WE are all wringing our hands over the plight of failing, unstable regions of the Third World, especially those in sub-Saharan Africa. But there is little consensus on what the American response should be. Many liberals blame the West and racism for the Third

World's ills, and believe that democracy and foreign-aid programs can defeat historical, cultural, and environmental forces that have been at work for centuries. Some conservatives think that the free market is the answer to everyone's problems; other conservatives think that even a display of interest in a place like Africa indicates naive do-goodism. At one extreme is Pat Buchanan, at the Mexican border with a gun and a black cowboy hat, holding off the tide of darker peoples. At the other extreme is Mrs. Jellyby, in Dickens's Bleak House, whose eyes "could see nothing nearer than Africa!" Mrs. Jellyby let her London household go to ruin while she wrote letters all day in support of a tribe on the Niger River. Caught among the various mindsets are well-meaning Washington bureaucrats who are trying to craft workable policies on global humanitarian issues.

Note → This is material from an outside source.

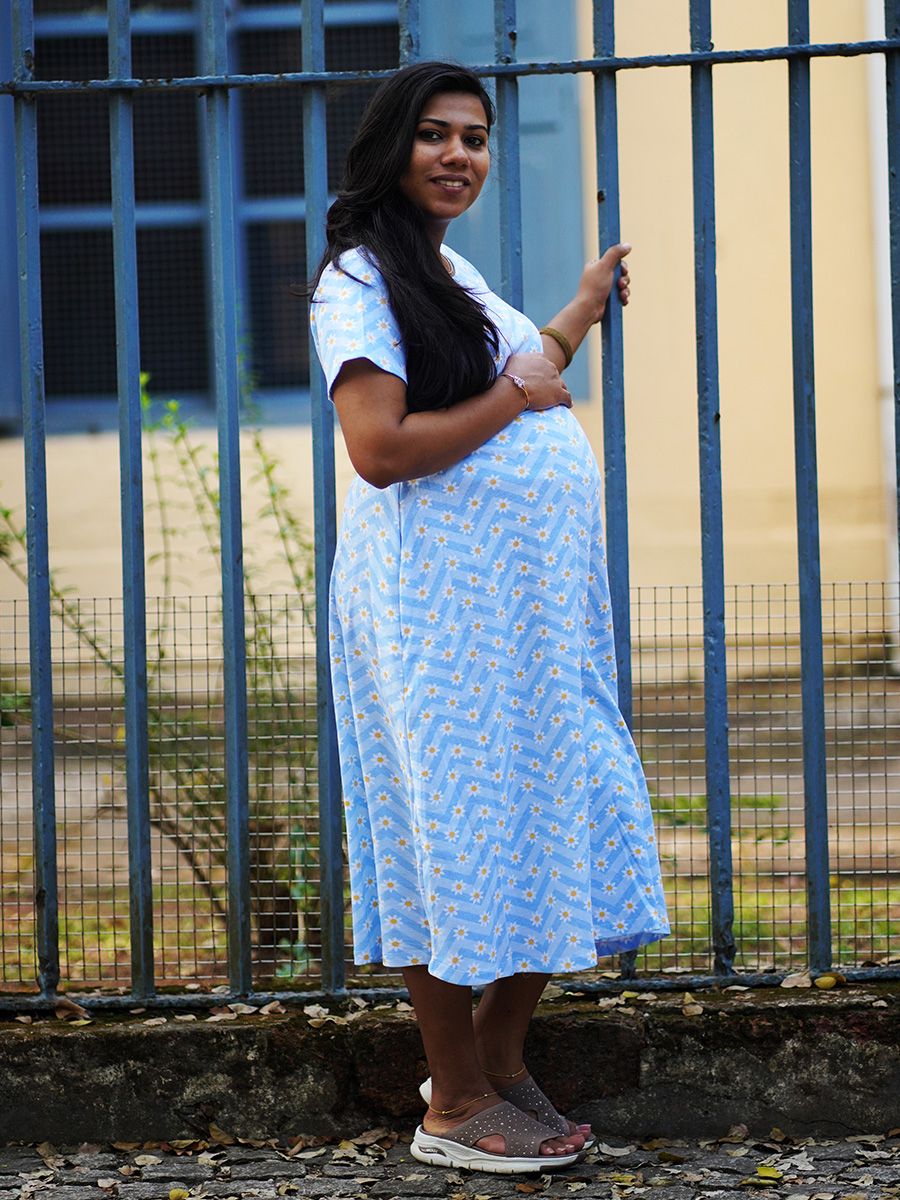 Maternity Knit Gown Gilda Blue Flower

A durable foreign-aid consensus--one that might do gradual but unmistakable good where good can in fact be done--must be built on two seemingly contrary realizations:
* Although some human societies have made end runs around their own histories and environments, exceptionalism is, well, the exception. The fact that Africa continues to fall economically behind the Indian subcontinent (the second poorest region on the planet), despite billions spent on development assistance over the decades, amounts to an inescapable negative judgment. Not even Russia, with its 150 million people, 99 percent of whom are literate, can be pivotally affected by aid. To think that aid can fundamentally change sub-Saharan Africa, whose population is 3.75 times that of Russia and whose literacy rate is much, much lower, is to take a position that few people outside a narrow intellectual elite will accept. As our own historically high economic-growth rates fall, it is not even clear that American exceptionalism can be counted on: we will have less money in the future for foreign aid, not more.